Automatic differentiation - d2l.ai Exercises - Part 5
The fifth notebook in the series solving exercises from d2l.ai, this blog tries to test and understand the working of the autodiff functionality in tensorflow
- Why is the second derivative much more expensive to compute than the first derivative?
- After running the function for backpropagation, immediately run it again and see what happens.
- Question 3
- Redesign an example of finding the gradient of the control flow. Run and analyze the result.
- Let $f(x)=sin(x)$ . Plot $f(x)$ and $\frac {df(x)}{dx}$ , where the latter is computed without exploiting that $f′(x)=cos(x)$.
import tensorflow as tf
x = tf.range(4, dtype=tf.float32)
# allocate memory
x = tf.Variable(x)
As we have learnt in our previous lessons about the chain rule and its usage to differentiate composite functions, applying the chain rule for a second time quickly adds up the number of times that we need to differentiate. Let's take an example,
Suppose that functions $y=f(u)$ and $u=g(x)$ are both differentiable, then the chain rule states that,
$$\frac{dy}{dx} = \frac {dy}{du} * \frac {du}{dx}$$
let's assume $a=\frac {dy}{du}$ and $b = \frac {du}{dx}$
so a second derivative of that would be (using product rule here),
$$\frac{d^2y}{dx^2} = a*\frac{db}{dx} + b * \frac {da}{dx} $$
We can see that the number of differentiations have doubled for this simple composite function. This is a simple reason for why the calculation is expensive for the second derivative.
Let's check value of x
x
with tf.GradientTape() as t:
y = x * x
t.gradient(y, x)
t.gradient(y, x)
I get the above error when I try to run the backward propagation two times, looking at the documentation of tf.GradientTape
it is specified that
By default, the resources held by a GradientTape are released as soon as GradientTape.gradient() method is called.
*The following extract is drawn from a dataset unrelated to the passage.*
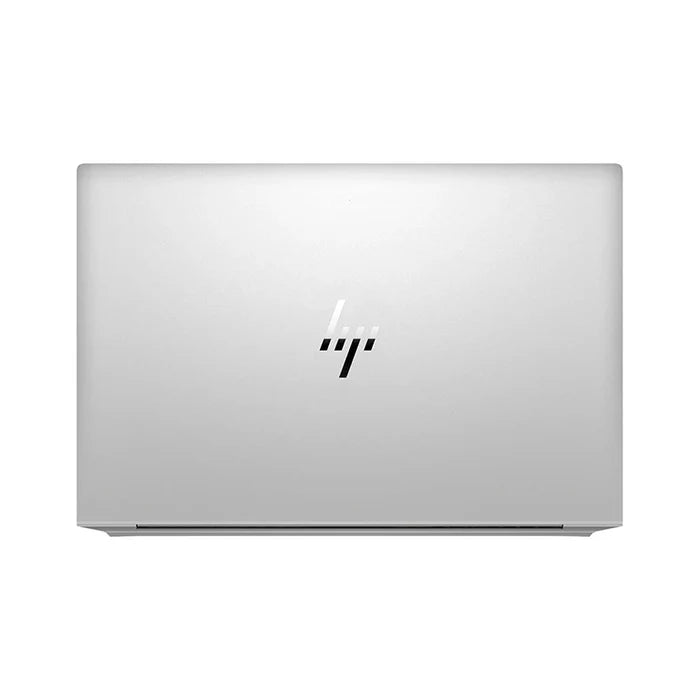 HP Elitebook 830 G7 Ci5 10th Gen 8GB 256GB SSD 14" Inch Display (Used) - PakByte Computers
To compute multiple gradients over the same computation, create a persistent gradient tape. This allows multiple calls to the gradient() method as resources are released when the tape object is garbage collected.
Question 3
TLDR: Try using a vector/matrix in the function used to demonstrate gradient calculation on a control flow.
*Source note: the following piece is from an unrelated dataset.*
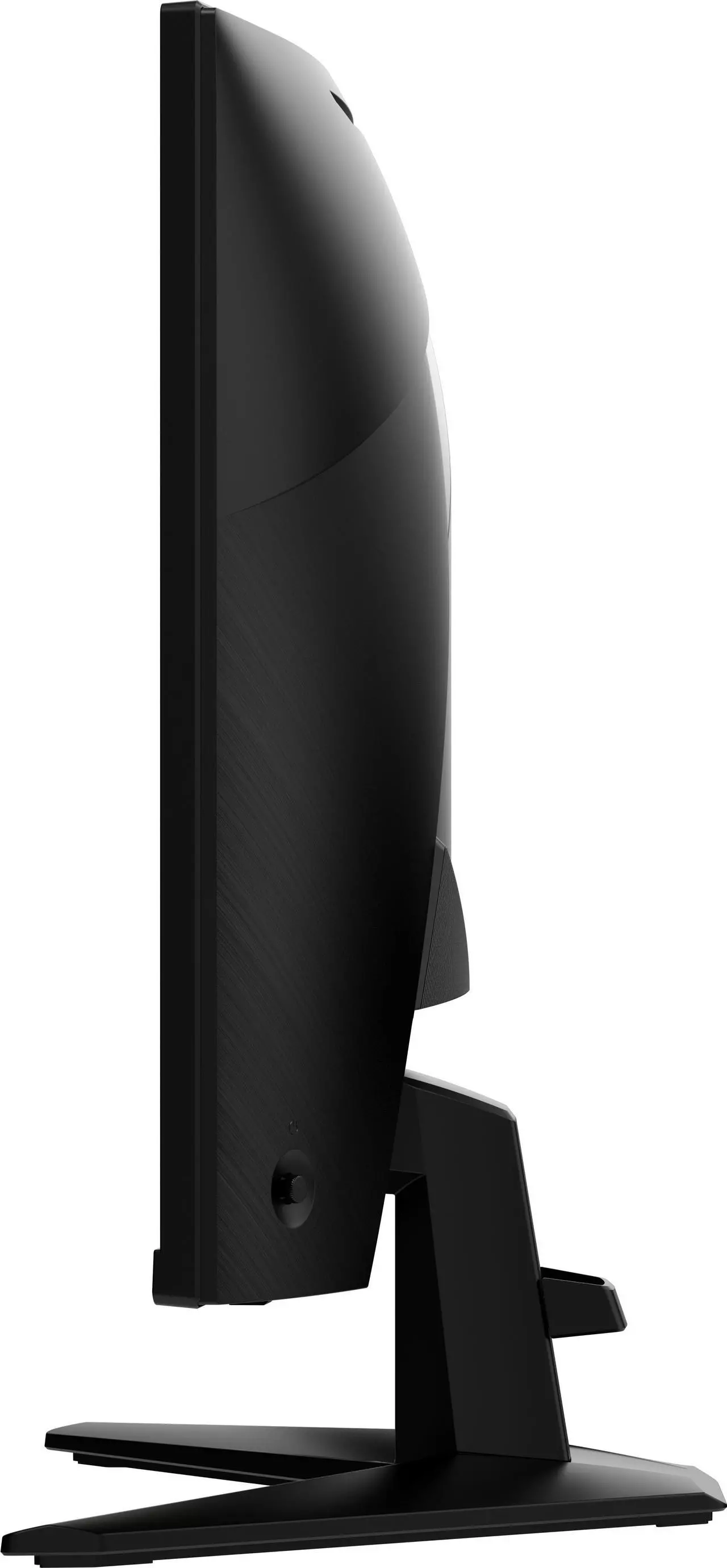 MSI 27" 180 Hz Rapid VA QHD Gaming Monitor FreeSync  AMD Adaptive Sync  80  Adobe RGB / 80  DCI P3 / 105  sRGB MAG 27CQ6F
Let's bring that function used in the lesson
def f(a):
b = a * 2
while tf.norm(b) < 1000:
b = b * 2
if tf.reduce_sum(b) > 0:
c = b
else:
c = 100 * b
return c
In the lesson they have used single value random variable, the question asks us to use a vector or matrix in its place.
Let's use the following random vector with shape (1,2)
a = tf.Variable(tf.random.normal(shape=(1, 2)))
a
The differentiation
with tf.GradientTape() as t:
d = f(a)
d_grad = t.gradient(d, a)
d_grad
We can try using a bigger matrix now.
a = tf.Variable(tf.random.normal(shape=(5, 3, 2)))
a
with tf.GradientTape() as t:
d = f(a)
d_grad = t.gradient(d, a)
d_grad
So when we differentiate a single value, the resultant gradient vector is similar in shape, as in the cases of the higher dimensional vectors/matrices.
I did not get what the question was trying to test the reader on, I read the discussion, A person said to use tf.hessians
to a related question. Let's see why
Let's take a look at the matrix we have
a = tf.Variable(tf.random.normal(shape=()), trainable=True)
a
The following is the suggested way to calculate a hessian based vector product
with tf.GradientTape() as t2:
with tf.GradientTape() as t1:
d1 = f(a)
diff_1 = t1.gradient(d1, a)
diff_2 = t2.gradient(diff_1, a)
diff_2
diff_1, diff_2
The following is modified based on this to see what happens.
with tf.GradientTape() as t4:
t4.watch(a)
with tf.GradientTape() as t3:
t3.watch(a)
d = f(a)
dif = t3.gradient(d, a)
j_diff = t4.jacobian(dif, a)
dif, j_diff
Both the methods return the same result for the small vector, where the second order derivative is turning into None, I am not sure why..., thinking about the question asked, since $f(a)$ is no longer scalar, the resultant gradient is also a vector/matrix. So I am again not sure of the suggestion given.
The example given in the lesson was a little complex, I will use a simple control flow, to see if we can calculate the gradient with autodiff.
Let's start with a simple transformation, We all know the gradient of an exponential function is the same.
def f(x):
return tf.math.exp(x)
Let's take a single value
x = tf.Variable(tf.random.normal(shape=()), trainable=True)
x
with tf.GradientTape() as t:
y = f(x)
dy_dx = t.gradient(y, x)
y == dy_dx
So now we can try performing some transformations on the value.
$$y \rightarrow f(x) \rightarrow \left\{\left( \eqalign{ \sin{x}, if \sum{x}_n/n > 0.5\\ 2 * \cos{x}, else\\ } \right) \right\}$$def f(x):
if tf.math.reduce_sum(x) > 0.5:
x = tf.math.sin(x)
else:
x = 2 * tf.math.cos(x)
return x
x = tf.Variable(tf.random.normal(shape=(20, 1)), trainable=True)
x
The differentiation
with tf.GradientTape() as t:
y = f(x)
dy_dx = t.gradient(y, x)
dy_dx
x_axis = tf.range(0, 20, 1)
plt.plot(x_axis, tf.reshape(f(x), [-1]).numpy(), color='r', label='y')
plt.plot(x_axis, tf.reshape(dy_dx, [-1]).numpy(), color='g', label='dy_dx')
plt.legend(loc='lower right')
plt.show()
The graph seems to be validating differentiation, since we can see the green line following the red line
Let's setup the required variables
# sine function
f = tf.math.sin
x = tf.Variable(tf.range(-10, 10, 0.1))
with tf.GradientTape() as t:
y = f(x)
# the gradient of sin(x) is cos(x)
dy_dx = t.gradient(y, x)
plt.figure(1)
x_axis = tf.range(-10, 10, 0.1)
plt.plot(x_axis, f(x).numpy(), color='r')
plt.plot(x_axis, dy_dx.numpy(), color='g')
plt.show()